Work to complete> Below are records; reproduce exactly the lines from the one that has "Calendar highlighting 2026" through the one that has "Razor Blade Scraper", ends included, and nothing more.

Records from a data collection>

========================================

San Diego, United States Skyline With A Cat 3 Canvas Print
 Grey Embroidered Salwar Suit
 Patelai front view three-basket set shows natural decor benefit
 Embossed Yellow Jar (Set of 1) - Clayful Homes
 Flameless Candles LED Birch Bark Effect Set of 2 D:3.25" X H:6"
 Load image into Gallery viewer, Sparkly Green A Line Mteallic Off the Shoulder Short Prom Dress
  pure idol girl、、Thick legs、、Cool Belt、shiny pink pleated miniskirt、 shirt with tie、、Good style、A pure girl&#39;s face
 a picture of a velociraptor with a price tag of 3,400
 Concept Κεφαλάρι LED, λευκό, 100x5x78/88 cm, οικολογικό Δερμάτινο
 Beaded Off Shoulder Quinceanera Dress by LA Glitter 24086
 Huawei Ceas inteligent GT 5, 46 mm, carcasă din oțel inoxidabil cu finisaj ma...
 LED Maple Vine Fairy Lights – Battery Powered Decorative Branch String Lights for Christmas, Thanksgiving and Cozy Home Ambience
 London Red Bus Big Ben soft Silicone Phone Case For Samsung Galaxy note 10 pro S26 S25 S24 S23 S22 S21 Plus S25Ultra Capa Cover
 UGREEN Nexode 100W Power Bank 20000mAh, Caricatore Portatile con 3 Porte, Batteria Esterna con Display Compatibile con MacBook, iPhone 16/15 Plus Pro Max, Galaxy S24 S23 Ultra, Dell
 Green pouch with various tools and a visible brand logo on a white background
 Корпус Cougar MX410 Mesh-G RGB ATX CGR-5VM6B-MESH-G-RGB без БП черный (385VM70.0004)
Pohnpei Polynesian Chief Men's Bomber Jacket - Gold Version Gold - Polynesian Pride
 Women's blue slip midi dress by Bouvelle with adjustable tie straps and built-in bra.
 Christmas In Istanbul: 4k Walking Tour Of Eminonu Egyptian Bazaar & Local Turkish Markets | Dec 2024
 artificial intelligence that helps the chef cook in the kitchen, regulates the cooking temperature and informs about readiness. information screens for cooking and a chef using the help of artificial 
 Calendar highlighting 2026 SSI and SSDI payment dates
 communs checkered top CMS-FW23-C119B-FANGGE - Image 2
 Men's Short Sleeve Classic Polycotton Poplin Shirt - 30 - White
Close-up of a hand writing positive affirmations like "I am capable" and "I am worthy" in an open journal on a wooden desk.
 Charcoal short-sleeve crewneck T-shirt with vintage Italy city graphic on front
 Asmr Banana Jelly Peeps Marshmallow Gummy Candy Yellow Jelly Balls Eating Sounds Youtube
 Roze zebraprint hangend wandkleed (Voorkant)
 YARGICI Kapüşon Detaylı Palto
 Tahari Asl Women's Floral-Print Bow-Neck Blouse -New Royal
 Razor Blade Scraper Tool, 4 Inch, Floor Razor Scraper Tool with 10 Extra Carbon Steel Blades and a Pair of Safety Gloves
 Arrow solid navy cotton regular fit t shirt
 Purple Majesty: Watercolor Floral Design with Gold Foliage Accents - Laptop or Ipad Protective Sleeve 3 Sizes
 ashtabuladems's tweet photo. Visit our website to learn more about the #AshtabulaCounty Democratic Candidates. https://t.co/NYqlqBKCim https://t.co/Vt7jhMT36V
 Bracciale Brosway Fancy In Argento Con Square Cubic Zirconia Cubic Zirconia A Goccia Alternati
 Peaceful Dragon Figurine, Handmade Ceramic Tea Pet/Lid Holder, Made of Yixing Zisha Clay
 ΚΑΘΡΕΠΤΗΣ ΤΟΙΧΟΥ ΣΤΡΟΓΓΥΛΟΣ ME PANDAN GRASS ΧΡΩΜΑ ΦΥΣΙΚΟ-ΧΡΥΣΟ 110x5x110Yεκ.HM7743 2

========================================

Answer to the exercise>
 Calendar highlighting 2026 SSI and SSDI payment dates
 communs checkered top CMS-FW23-C119B-FANGGE - Image 2
 Men's Short Sleeve Classic Polycotton Poplin Shirt - 30 - White
Close-up of a hand writing positive affirmations like "I am capable" and "I am worthy" in an open journal on a wooden desk.
 Charcoal short-sleeve crewneck T-shirt with vintage Italy city graphic on front
 Asmr Banana Jelly Peeps Marshmallow Gummy Candy Yellow Jelly Balls Eating Sounds Youtube
 Roze zebraprint hangend wandkleed (Voorkant)
 YARGICI Kapüşon Detaylı Palto
 Tahari Asl Women's Floral-Print Bow-Neck Blouse -New Royal
 Razor Blade Scraper Tool, 4 Inch, Floor Razor Scraper Tool with 10 Extra Carbon Steel Blades and a Pair of Safety Gloves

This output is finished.